------ SUPPLIED MATERIAL
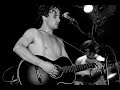 Jeff Buckley Live At KEXP (5-7-1995) Very Rare Set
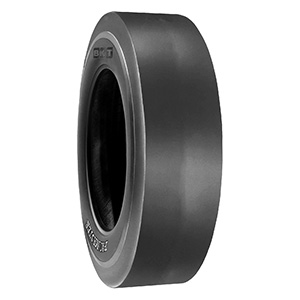 11.00-20 16PR BKT PAC MASTER V3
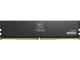 Оперативна памет 16GB DDR5 5600 MT/s TeamGroup T-CREATE CLASSIC
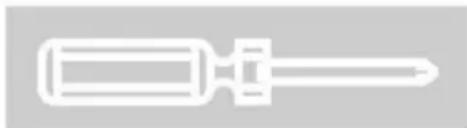 Vevor FT-T-1812 - VEVOR - 3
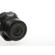 Canon XC-10: Picture 5 thumbnail
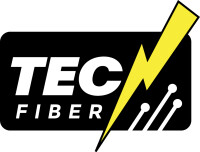 Thumb electric cooperative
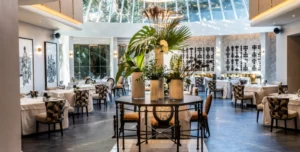 Sa On Hotel X - 195.7.4.97 -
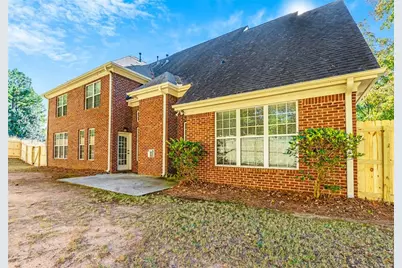 2474 Starfire Lane, Loganville, GA 30052 - Photo 43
------------
## WORK ORDER
Reproduce exactly, and only, the lines from the one containing "11.00-20 16PR BKT PAC MASTER V3" through the last line of the records above, both included, leaving out any pictures.

## WRITTEN REPLY
 11.00-20 16PR BKT PAC MASTER V3
 Оперативна памет 16GB DDR5 5600 MT/s TeamGroup T-CREATE CLASSIC
 Vevor FT-T-1812 - VEVOR - 3
 Canon XC-10: Picture 5 thumbnail
 Thumb electric cooperative
 Sa On Hotel X - 195.7.4.97 -
 2474 Starfire Lane, Loganville, GA 30052 - Photo 43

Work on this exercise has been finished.